No visit to the land of "wherever you go, there you are" would be complete without considering one of C. P. Cavafy's best-known poems:
The City
You said: "I'll go to another country, go to another shore,
find another city better than this one.
Whatever I try to do is fated to turn out wrong
and my heart lies buried like something dead.
How long can I let my mind moulder in this place?
Wherever I turn, wherever I look,
I see the black ruins of my life, here,
where I've spent so many years, wasted them, destroyed them totally."
You won't find a new country, won't find another shore.

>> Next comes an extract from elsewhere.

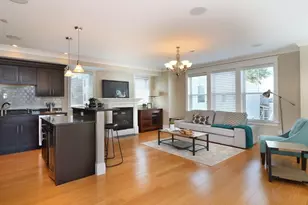 276 Bowen St, Boston, MA 02127 - Photo 1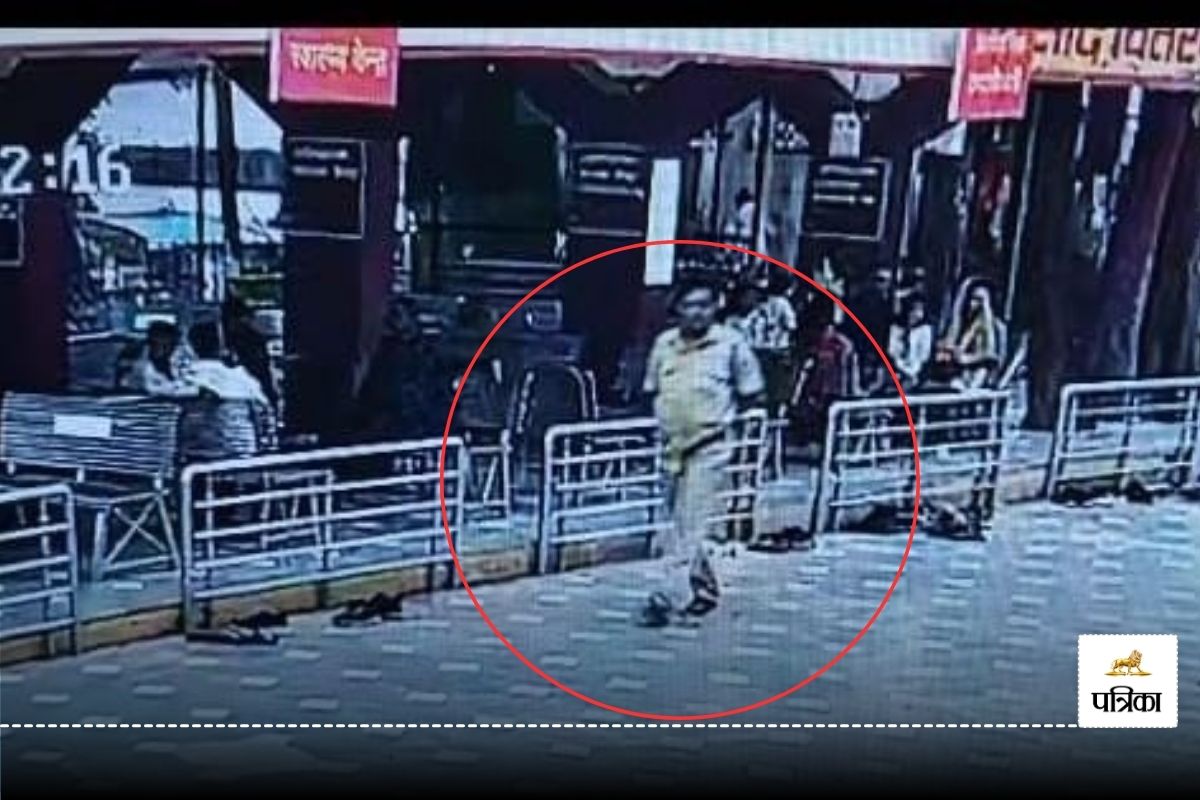 Crime News: शर्मसार! महामाया मंदिर में वृद्धा से 200 रुपए लेकर भागा वर्दीधारी,
देखें VIDEO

This city will always pursue you.
You'll walk the same streets, grow old
in the same neighborhoods, turn gray in these same houses.
You'll always end up in this city. Don't hope for things elsewhere:
there's no ship for you, there's no road.
Now that you've wasted your life here, in this small corner,
you've destroyed it everywhere in the world.
C. P. Cavafy, Collected Poems (translated by Edmund Keeley and Philip Sherrard) (Princeton University Press, 1992).
You have to give Cavafy credit: he doesn't mince words, does he?
On the other hand, one could look at another of his poems - "Ithaka" - and find, if not a way of escape from "the black ruins of [your] life," at least a potential way of living that saves you from false hopes. But I'll save "Ithaka" for another time.